You can also add registry keys to HEY_LOCAL_MACHINE and place desktop shortcuts on the desktop. A desktop shortcut set per-machine cannot be deleted by the
user, versus doing it from the logon script on a per-user basis, so this is typically a better option, unless there is a user condition to place it there.
Testing tip
For initial internal testing, you can avoid waiting the minimum 15 minutes for to test configuration changes. The way you can avoid this, is to select
15 minutes and then log on to any test machine after client install, and locate "FastTrack Management Client" under Scheduled
Tasks and run it manually. Setting the interval to 15 minutes disables the timespan check, as the Scheduled Task checks every 15 minutes.

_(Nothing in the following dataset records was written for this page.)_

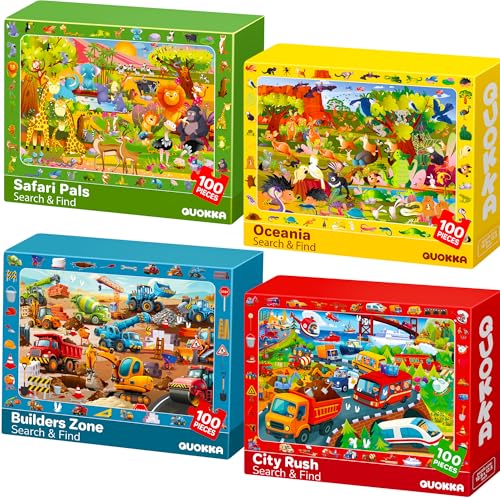 QUOKKA 100 Piece Puzzles for Kids Ages 4-6 – 4xSET Jigsaw Puzzles for Kids Ages 6-8 – Educational Search & Find Game with Animals, Cars for Childrens 5-8 – Toddler Learning Toy Gift for Boys and Girls - color: Animals & City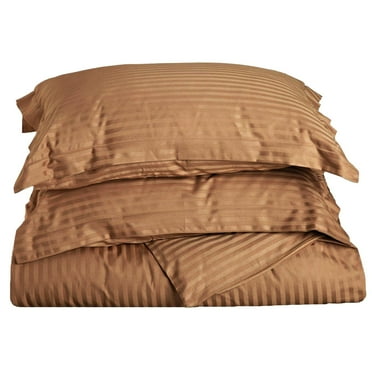 400-Thread Count 100% Egyptian Cotton Elegant Stripes Duvet Cover Set Taupe / King/Cal King
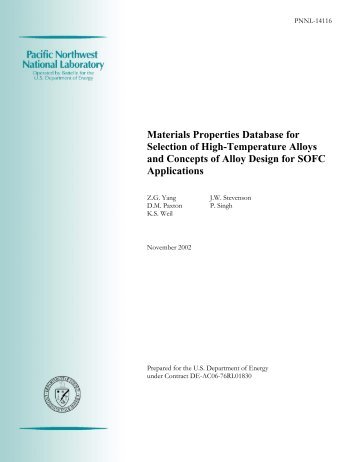 Materials Properties Database for Selection of High-Temperature ...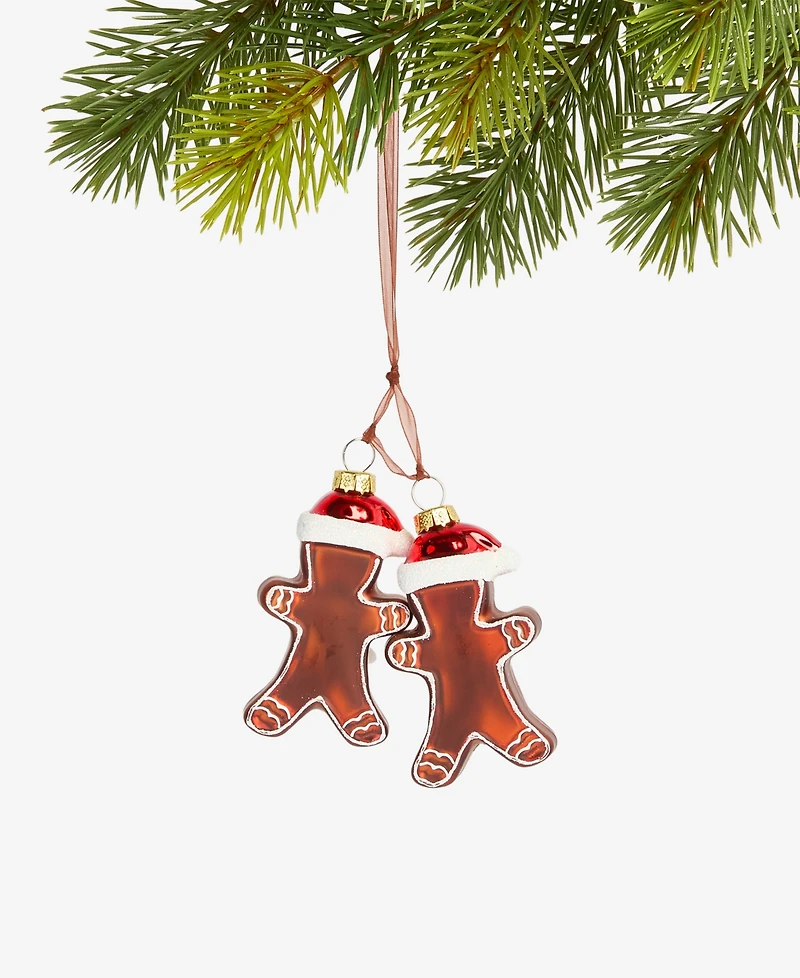 Holiday Lane Gingerbread Village Glass Gingerbread Men Ornament, Macy's Exclusive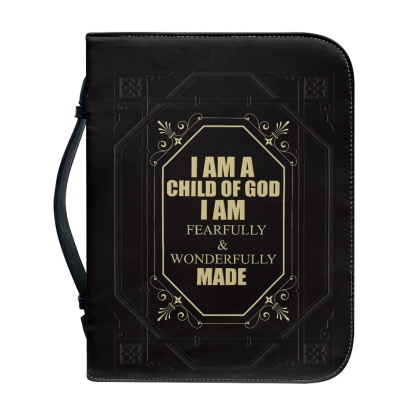 Custom Leather Bible Cover for Men - Engraved I Am a Child of God (1 John 3:1)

When you are in a production situation and you want to remove or install new software, you can test for one specific machine, so you avoid setting up a test environment.
When you add software to remove or install, you are always asked for a condition. You can simply use the "Computer must be one specific computer" condition to make sure that while
you test, you only hit that one computer that you test on. Or you could create a computer security group for testing computers and check for that. Once everything is verified,
use the edit button and remove the condition.
Changing server location
If you need to change the server location of the central files, you can rebuild the client and redeploy. To avoid having to do that,
you can set a registry key on the machines to overrule the central location:
Post installation tasks
If there is anything you need to do after successful deployment or removal of software, such as updating an inventory you might have,
there are two files named PostInstall.fsh and PostUninstall.fsh in the bin folder on the central location. These kick off every time an
installation or uninstallation is successful. This is a normal FastTrack script that you modify in the Script Editor to your needs.
The name of the application and the version can be extracted with the functions CurrentInstallName and CurrentInstallVersion.